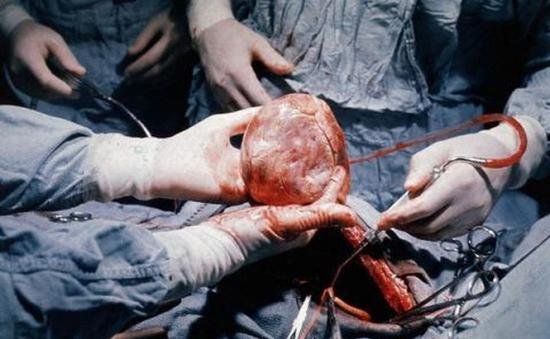 PREMIERĂ medicală în Europa: A fost realizat primul transplant reuşit al unei inimi care încetase să bată în corpul donatorului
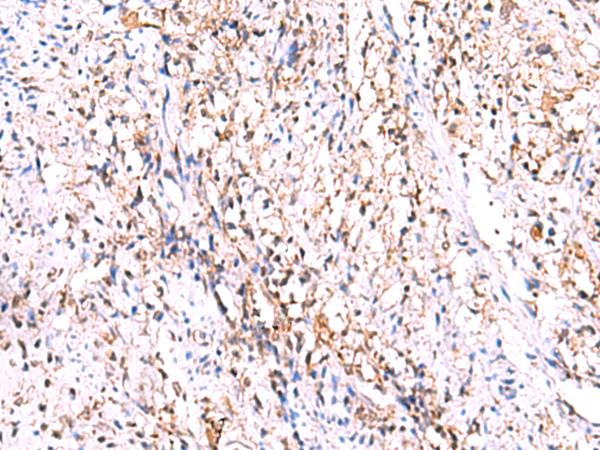 GMDS / GMD Antibody - Immunohistochemistry of paraffin-embedded Human cervical cancer tissue  using GMDS Polyclonal Antibody at dilution of 1:70(×200)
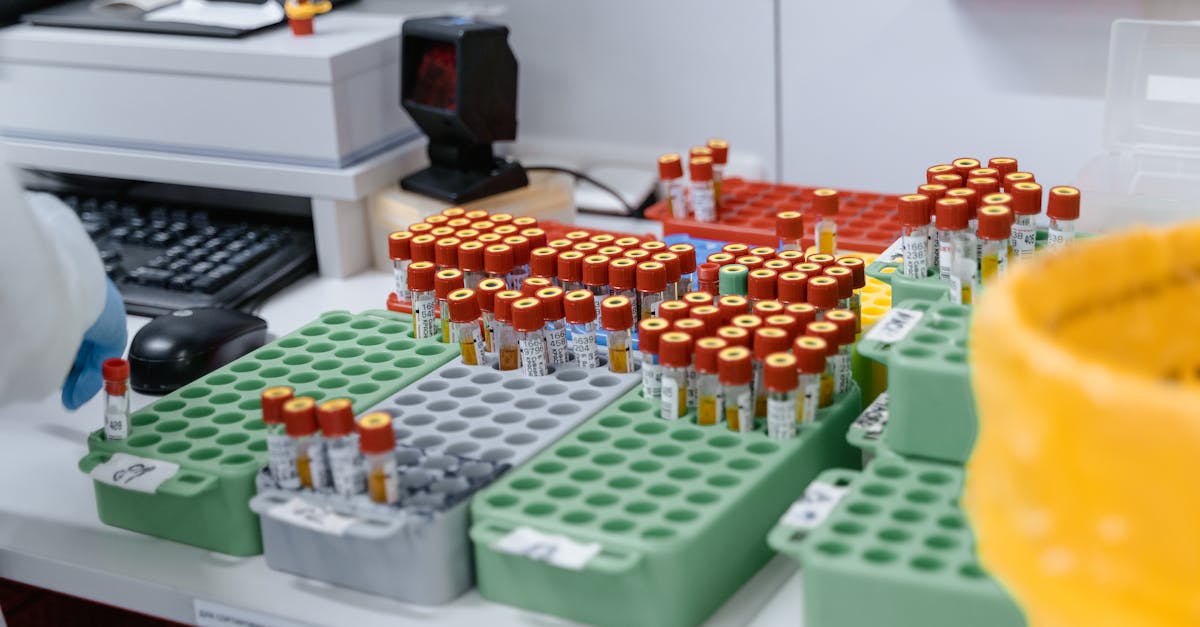 Un test de sânge promițător pentru detectarea Alzheimer cu o acuratețe de 95%
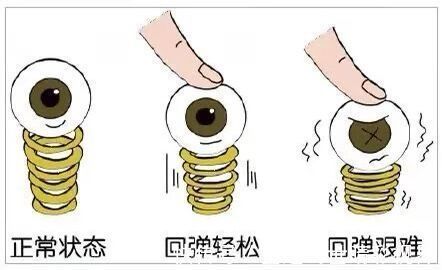 病理性|近视的“生长”史!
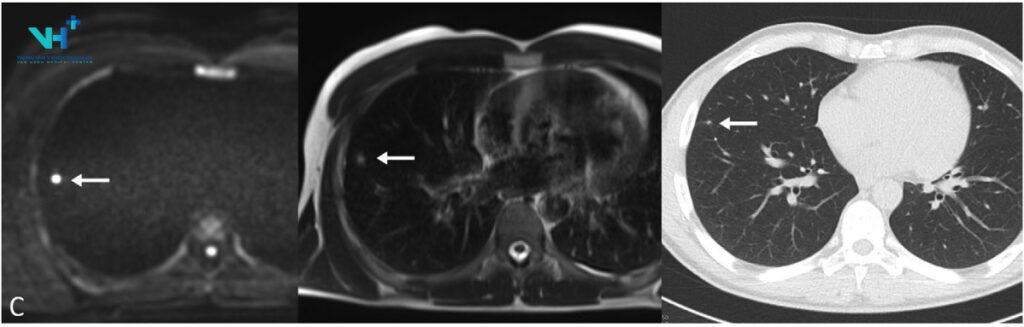 MRI tầm soát ung thư phát hiện ung thư phổi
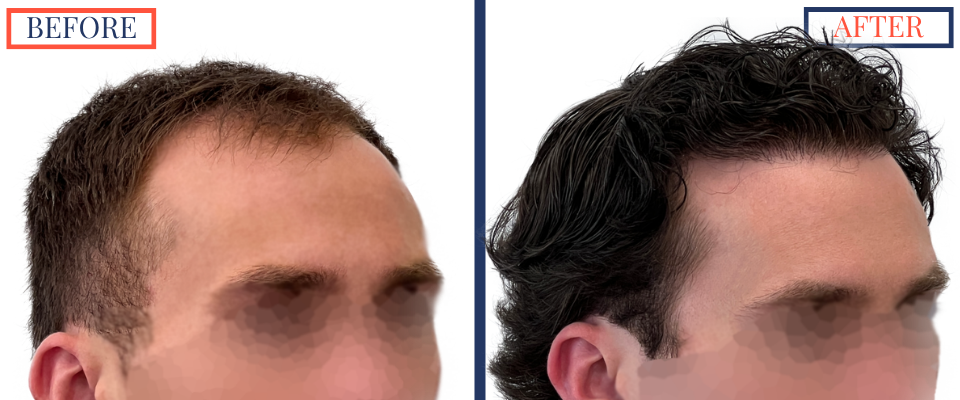 2408 GRAFT FUE HAIR TRANSPLANT SURGERY - BEFORE AND AFTER PHOTO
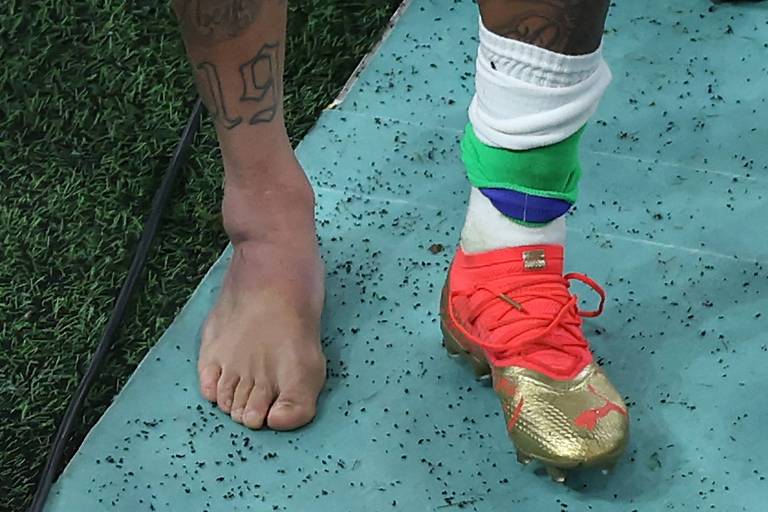 Imagem colorida mostra os dois pés de Neymar, de frente. O direito está descalço, com um inchaço no tornozelo. O esquerdo está com uma chuteira dourada com detalhe vermelho.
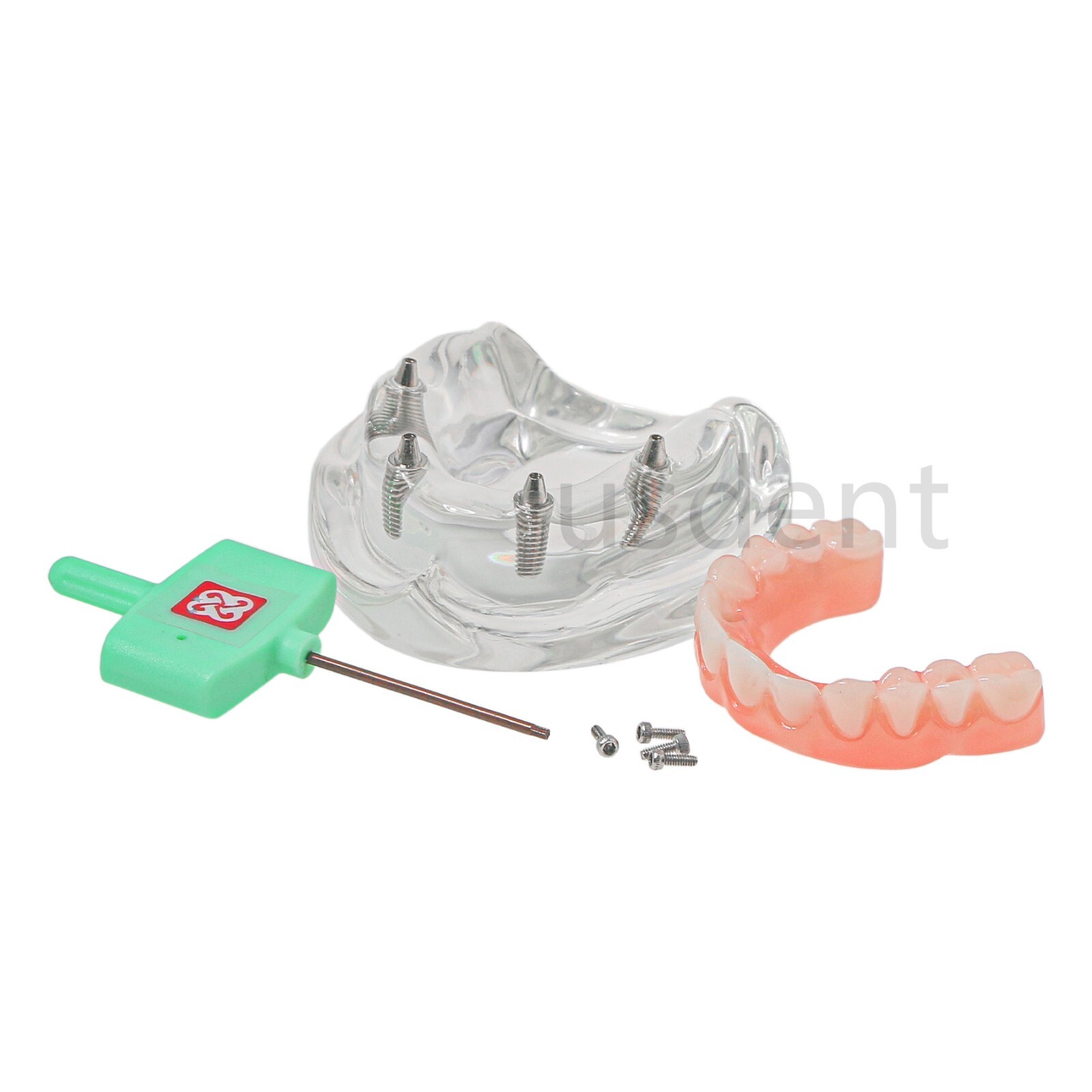 All on 4 Dental Implant Model Overdenture Upper Jaw 4 Implant Clear Detachable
§ §
Output all the data above verbatim, leaving out images.

_YOUR SOLUTION_:
 PREMIERĂ medicală în Europa: A fost realizat primul transplant reuşit al unei inimi care încetase să bată în corpul donatorului
 GMDS / GMD Antibody - Immunohistochemistry of paraffin-embedded Human cervical cancer tissue  using GMDS Polyclonal Antibody at dilution of 1:70(×200)
 Un test de sânge promițător pentru detectarea Alzheimer cu o acuratețe de 95%
 病理性|近视的“生长”史!
 MRI tầm soát ung thư phát hiện ung thư phổi
 2408 GRAFT FUE HAIR TRANSPLANT SURGERY - BEFORE AND AFTER PHOTO
 Imagem colorida mostra os dois pés de Neymar, de frente. O direito está descalço, com um inchaço no tornozelo. O esquerdo está com uma chuteira dourada com detalhe vermelho.
 All on 4 Dental Implant Model Overdenture Upper Jaw 4 Implant Clear Detachable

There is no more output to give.